Glass half full: When you have employees doing things for you, you can rest assured they will be performing their jobs just as you would have when you were operating as an army of one.
Glass half empty: When you have employees or contractors doing things for you, there's more chance that things can go wrong. They are not you. And sometimes they don't do what they should be doing, when they should be doing it, in the way you would do it...and suddenly your business suffers for it.
Assuming you've hired well, I recommend the cautiously optimistic approach:
To reduce the possibility of mishaps, require that your team follows your processes, understands what is expected of them, and has access to training or other developmental opportunities.
The agents on your team should be fairly self-sufficient unless they're very inexperienced. So let's focus on the other members of your team.
For the more junior teammates that are following a documented process, there is a bit more management needed because robust time tracking apps like Apploye also have features like GPS location tracking to make sure people are where they are supposed to be. This is critical if you have listings, inspections, repairs, and different items to pick up and drop off like real estate signs.
The real estate industry is currently undergoing some big changes regarding automation and streamlining manual processes. This means that those who are able to adapt and evolve will be the most successful.
This means keeping an open mind to areas that can be automated and hiring people that can use automation as a superpower as opposed to an adversary.
Besides software for better tracking and automation, there are tons of proven concepts that can help increase the output of a team while keeping everyone happy and working together for the common cause.
As a real estate broker or team lead, it's important that you keep your team members motivated and engaged so that they continue to push the business forward. If they feel like you are on their side, then you can rest assured that your team members will push themselves to meet the goals you set for them.
There are several ways you can do this:
Set clear goals especially for your agents. You win when they win so make sure you're pushing them to reach further. Think about incentives that are tied to those goals (besides just the commission) and figure out a way that the entire team can be rewarded by achieving the goals.

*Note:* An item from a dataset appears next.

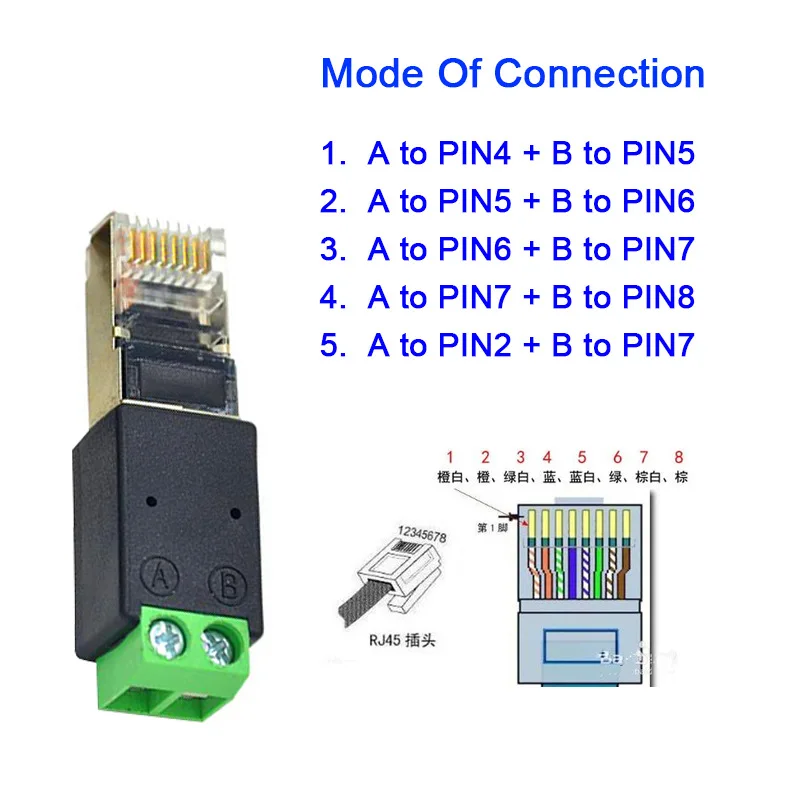 RJ45 to 2p/4p/8p green terminal 485 terminal network adapter crystal head RJ45 terminal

Be the example. You can't expect team members to go above and beyond if they don't see that their leader going above and beyond too. Set the pace for your team to follow.
Be open and approachable. Ask for input from your agents and other team members on how things can improve. Truly listen to what they have to say.
Encourage communication between the team members. Invest in software that makes this communication as easy as possible.
This is a relationship business, so make an effort to get to know them on a more personal level.
Invest in team development. There are a number of ways to do it. At the core is training and coaching - giving people the opportunity to learn and further their careers.
You may have the best agents on your team, but if you're not doing all you can to maximize their potential, they may start considering opportunities elsewhere so keep pushing for improvement.
Get personal. Don't commit any HR violations, but this is a relationships business so make sure your relationship with your team is more than just office small talk. Be there for each other and form bonds that are meaningful. After all, you're spending most of your waking hours with these people. Make it matter from both a business and personal standpoint.
Did you expect such a knowledge bomb on how to build a successful real estate team? Believe it or not, there’s way more involved in creating and successfully growing a real estate team. It is a vast topic... but hopefully, this makes the idea a little less daunting.
Just remember, that when you're ready to "go far" it's time to build that team. After all, it may get you as far as Cabo.